While the movie starts the action in 11 November 1918, and continues it chronologically, the book begins its story in November 1937 and jumps back and forth. Hilton wrote a number of his books with flashbacks to previous years. This is very effective in the book version of "Random Harvest," although, in some places, you have to take note of where you are in the heros life.
Our hero, Charles Rainier, is a very successful man. His career in business and politics has made him a revered household name in Britain. Yet he is very uneasy in his success, as he feels he is missing something essential, something valuable, something he perhaps loved. You see, Charles is actually missing two years of his life. As he reveals to his male secretary over a period of time in the book, Charles remembers all of his earlier life until he was shell-shocked in France during World War I. Then two years later he awakens in a store in Liverpool, England. How did he get there? The mystery deepens in that British military records have him missing in action, never returning to England.
Charles yearning to know what he did during those two years often affects him deeply. Occasionally, things happen or someone says something that makes a small, cloudy window open in his mind, showing him something or someone that he cant really make out. These incidents make him feel detached from the present and affects his relationship with others, especially with his wife, a former secretary whom he married for business and political purposes.
Charles Rainier is a man split between living the life he now leads and searching for the life he once had for a short time. Charles Rainier is about to rediscover his past. Charles Rainier is in for a shock.
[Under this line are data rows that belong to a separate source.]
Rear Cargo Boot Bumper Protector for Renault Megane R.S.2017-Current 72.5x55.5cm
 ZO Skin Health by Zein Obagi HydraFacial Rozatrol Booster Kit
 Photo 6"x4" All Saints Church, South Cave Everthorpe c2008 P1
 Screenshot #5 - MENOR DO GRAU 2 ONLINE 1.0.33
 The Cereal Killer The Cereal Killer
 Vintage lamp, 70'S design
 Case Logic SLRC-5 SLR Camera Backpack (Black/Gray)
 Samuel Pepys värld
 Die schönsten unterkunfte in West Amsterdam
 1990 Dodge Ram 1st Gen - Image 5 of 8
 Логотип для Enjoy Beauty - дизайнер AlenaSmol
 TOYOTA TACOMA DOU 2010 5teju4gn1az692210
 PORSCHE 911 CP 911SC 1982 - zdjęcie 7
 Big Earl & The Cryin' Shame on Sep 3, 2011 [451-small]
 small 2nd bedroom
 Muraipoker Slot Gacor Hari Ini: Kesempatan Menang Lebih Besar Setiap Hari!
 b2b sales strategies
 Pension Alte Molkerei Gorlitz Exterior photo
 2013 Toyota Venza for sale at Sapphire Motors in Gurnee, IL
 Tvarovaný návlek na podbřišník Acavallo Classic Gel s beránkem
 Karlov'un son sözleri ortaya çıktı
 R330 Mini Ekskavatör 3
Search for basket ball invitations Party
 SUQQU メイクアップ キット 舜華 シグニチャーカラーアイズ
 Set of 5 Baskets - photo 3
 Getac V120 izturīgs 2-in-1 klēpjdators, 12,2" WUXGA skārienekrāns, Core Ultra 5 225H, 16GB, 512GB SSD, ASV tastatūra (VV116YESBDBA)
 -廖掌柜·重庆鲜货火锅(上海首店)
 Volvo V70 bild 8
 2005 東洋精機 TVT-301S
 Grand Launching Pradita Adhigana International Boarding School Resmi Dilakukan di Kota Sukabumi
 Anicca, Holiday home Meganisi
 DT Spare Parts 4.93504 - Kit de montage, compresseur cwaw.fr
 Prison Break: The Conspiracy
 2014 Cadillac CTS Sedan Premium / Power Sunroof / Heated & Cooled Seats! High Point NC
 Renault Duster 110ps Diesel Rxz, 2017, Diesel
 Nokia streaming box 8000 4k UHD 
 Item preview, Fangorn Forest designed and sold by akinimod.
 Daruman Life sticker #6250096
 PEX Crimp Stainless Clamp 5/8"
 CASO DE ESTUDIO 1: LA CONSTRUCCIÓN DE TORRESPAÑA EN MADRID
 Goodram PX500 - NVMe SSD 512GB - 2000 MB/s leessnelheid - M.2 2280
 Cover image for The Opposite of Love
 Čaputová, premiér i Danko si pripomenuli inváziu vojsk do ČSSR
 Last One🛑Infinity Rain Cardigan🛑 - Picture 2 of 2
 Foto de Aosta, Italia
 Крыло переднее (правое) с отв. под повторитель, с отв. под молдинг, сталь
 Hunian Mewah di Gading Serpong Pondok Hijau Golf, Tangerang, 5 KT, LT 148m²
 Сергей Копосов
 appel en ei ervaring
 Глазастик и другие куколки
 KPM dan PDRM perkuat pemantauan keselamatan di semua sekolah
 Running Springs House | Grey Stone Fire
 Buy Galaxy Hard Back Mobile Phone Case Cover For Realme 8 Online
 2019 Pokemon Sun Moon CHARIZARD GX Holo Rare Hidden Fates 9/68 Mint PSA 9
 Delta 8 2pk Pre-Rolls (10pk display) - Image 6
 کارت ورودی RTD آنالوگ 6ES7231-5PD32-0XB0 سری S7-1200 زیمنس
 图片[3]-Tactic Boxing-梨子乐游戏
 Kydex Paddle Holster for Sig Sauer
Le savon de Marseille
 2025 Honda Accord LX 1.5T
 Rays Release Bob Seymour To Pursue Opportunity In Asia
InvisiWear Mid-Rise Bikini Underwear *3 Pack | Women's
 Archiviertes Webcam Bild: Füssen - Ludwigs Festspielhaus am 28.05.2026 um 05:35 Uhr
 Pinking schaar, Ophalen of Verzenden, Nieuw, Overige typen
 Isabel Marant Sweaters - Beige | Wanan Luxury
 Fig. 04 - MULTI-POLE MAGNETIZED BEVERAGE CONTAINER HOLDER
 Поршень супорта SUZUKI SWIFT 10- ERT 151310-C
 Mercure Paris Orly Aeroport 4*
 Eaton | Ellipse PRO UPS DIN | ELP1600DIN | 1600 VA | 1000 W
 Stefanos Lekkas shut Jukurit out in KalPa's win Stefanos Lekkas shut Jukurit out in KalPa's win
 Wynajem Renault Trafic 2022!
James Hilton is best remembered for his novels "Lost Horizon," "Prisoner of Zenda" and "Goodbye, Mr. Chips," which were made into movies numerous times. However he wrote over a dozen others, many of which also deserve to be remembered.
For you war fans, Coleman accurately portrays a wounded soldier earlier in the film because he served in the London Scottish Regiment during World War I. He was seriously wounded at the battle of Messines in October 1914, and was invalided out of service.